Über die Postleitzahl 60437
Ganz im Norden Frankfurts, an der Grenze zur Wetterau und zum Taunus, vereint die weiträumige Postleitzahl 60437 die ehemals selbstständigen Dörfer Nieder-Erlenbach, Nieder-Eschbach, Harheim, Kalbach sowie Anteile von Riedberg und Bonames.
Nieder-Erlenbach ist seit 1972 der nördlichste Stadtteil der Stadt.
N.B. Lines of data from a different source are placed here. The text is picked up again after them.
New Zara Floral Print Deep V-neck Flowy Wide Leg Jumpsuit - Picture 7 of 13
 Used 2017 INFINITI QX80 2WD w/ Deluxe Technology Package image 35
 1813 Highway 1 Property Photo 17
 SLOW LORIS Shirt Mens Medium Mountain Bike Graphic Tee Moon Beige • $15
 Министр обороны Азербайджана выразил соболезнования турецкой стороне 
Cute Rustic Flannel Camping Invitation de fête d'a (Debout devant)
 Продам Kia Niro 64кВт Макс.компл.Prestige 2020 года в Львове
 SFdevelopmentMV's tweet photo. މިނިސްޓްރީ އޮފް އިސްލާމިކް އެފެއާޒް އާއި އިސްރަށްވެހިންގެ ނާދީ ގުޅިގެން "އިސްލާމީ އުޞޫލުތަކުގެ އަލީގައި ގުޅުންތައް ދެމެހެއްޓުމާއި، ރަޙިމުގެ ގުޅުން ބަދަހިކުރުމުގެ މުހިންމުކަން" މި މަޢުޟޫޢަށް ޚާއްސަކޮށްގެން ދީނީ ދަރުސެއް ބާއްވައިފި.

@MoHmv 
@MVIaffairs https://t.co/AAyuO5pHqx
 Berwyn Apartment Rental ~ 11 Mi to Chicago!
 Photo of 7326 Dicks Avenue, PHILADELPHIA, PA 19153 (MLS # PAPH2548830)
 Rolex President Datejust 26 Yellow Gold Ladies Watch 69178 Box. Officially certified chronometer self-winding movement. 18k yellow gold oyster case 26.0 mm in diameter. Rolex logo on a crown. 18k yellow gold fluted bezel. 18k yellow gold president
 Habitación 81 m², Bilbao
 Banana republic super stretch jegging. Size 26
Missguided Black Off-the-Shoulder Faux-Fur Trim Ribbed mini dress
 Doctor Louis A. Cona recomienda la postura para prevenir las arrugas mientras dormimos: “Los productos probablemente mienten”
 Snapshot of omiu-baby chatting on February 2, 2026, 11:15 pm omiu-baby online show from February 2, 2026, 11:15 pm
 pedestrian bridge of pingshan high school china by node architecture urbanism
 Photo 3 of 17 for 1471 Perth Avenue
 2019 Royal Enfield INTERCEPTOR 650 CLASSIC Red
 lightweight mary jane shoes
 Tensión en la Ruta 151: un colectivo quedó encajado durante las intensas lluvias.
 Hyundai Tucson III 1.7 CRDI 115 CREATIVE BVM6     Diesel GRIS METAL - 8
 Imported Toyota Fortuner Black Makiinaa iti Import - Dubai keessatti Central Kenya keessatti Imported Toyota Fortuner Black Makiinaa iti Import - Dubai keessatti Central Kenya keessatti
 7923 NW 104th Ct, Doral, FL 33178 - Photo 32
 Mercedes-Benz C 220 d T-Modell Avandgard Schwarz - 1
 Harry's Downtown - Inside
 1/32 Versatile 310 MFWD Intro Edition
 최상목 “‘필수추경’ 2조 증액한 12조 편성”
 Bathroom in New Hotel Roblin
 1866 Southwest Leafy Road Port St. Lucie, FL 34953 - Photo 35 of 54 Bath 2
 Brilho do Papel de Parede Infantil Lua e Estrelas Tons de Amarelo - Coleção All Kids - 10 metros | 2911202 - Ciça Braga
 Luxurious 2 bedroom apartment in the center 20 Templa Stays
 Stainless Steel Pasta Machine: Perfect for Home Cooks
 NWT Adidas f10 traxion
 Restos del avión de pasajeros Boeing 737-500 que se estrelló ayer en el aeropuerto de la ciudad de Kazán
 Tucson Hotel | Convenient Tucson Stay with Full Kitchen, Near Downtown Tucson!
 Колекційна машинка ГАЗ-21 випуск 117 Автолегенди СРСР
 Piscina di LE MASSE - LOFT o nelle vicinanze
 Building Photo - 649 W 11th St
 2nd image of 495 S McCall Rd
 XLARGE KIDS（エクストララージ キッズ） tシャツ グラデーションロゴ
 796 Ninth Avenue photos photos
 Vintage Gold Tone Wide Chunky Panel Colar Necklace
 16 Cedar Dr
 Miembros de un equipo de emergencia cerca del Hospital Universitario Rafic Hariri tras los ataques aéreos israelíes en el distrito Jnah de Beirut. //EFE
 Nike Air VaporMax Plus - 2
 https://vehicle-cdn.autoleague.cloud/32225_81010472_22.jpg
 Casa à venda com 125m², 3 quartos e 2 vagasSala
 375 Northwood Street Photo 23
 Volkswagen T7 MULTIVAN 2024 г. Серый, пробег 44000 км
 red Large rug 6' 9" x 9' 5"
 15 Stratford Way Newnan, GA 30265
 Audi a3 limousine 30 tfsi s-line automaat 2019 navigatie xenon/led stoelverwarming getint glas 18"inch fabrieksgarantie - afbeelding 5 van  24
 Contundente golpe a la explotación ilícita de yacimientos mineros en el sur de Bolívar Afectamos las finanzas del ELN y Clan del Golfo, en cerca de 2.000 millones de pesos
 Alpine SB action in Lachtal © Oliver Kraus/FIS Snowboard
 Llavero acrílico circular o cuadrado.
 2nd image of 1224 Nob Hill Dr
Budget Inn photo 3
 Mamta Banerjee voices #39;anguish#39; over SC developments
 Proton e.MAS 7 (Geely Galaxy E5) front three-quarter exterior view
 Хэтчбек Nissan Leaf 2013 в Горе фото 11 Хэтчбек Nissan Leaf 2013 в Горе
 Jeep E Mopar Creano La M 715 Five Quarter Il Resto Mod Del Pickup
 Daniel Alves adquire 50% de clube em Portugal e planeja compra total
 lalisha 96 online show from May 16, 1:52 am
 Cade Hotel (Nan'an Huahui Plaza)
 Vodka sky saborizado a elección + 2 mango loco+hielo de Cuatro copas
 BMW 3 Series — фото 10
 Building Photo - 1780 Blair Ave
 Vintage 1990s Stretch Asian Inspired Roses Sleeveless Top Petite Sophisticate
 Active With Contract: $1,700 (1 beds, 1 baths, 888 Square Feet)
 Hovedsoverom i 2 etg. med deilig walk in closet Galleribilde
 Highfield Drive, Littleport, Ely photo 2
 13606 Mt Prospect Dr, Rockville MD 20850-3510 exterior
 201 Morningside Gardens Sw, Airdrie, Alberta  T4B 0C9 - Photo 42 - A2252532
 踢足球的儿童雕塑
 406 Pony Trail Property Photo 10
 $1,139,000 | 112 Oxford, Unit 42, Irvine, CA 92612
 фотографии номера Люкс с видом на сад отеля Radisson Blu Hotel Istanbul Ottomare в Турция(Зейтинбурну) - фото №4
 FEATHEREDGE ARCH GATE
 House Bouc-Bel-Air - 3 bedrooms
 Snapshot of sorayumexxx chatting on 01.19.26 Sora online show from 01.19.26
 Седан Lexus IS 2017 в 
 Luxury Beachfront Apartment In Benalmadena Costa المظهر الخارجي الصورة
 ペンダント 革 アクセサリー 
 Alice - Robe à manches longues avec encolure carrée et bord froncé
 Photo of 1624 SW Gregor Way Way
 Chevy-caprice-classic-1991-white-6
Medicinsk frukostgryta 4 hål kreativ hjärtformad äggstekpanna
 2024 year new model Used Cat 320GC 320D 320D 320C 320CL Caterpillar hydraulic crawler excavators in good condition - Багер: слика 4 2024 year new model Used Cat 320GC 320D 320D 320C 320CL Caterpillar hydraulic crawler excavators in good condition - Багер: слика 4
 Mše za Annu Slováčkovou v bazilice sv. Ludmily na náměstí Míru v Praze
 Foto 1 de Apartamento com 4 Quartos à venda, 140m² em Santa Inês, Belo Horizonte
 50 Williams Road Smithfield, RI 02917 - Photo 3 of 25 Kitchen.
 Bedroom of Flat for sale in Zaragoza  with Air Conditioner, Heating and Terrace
Ein frühmittelalterliches Gräberfeld, genutzt vom späten 6. bis ins 8. Jahrhundert, deutet auf eine Siedlung schon in merowingischer Zeit hin; um 780 taucht der Ort als Arilbach im Lorscher Codex auf, als eine Frau Meginburc dem Kloster Lorsch ihren Besitz samt vier Leibeigenen vermachte. Ab 1376 übte die Reichsstadt Frankfurt hier die Herrschaft aus, im 17. Jahrhundert zerstörten Brände den Ort 1602 und 1677 fast vollständig.
Harheim, urkundlich 786 als Horeheim erwähnt, gehörte über Jahrhunderte wechselnden Herren – den Grafen zu Stolberg, dann Kurmainz, später Nassau –, ehe es 1972 gegen den Widerstand der Bevölkerung nach Frankfurt eingemeindet wurde. Kalbach wiederum verbindet die Überlieferung mit dem Leichenzug des heiligen Bonifatius, der hier 754 auf dem Weg von Mainz nach Fulda gerastet haben soll; seit den 1990er Jahren wuchs südlich davon die Großsiedlung Riedberg heran. In Nieder-Eschbach belegen Funde eine Besiedlung schon um 6000 v. Chr. und eine römische Ansiedlung zwischen 85 und 265 n. Chr.; die Honigwiesen bergen mit einer Furt die letzte ihrer Art in Frankfurt.
Auf 25,0 km² kommen 33.447 Einwohnerinnen und Einwohner, eine Dichte von 1.338 je Quadratkilometer.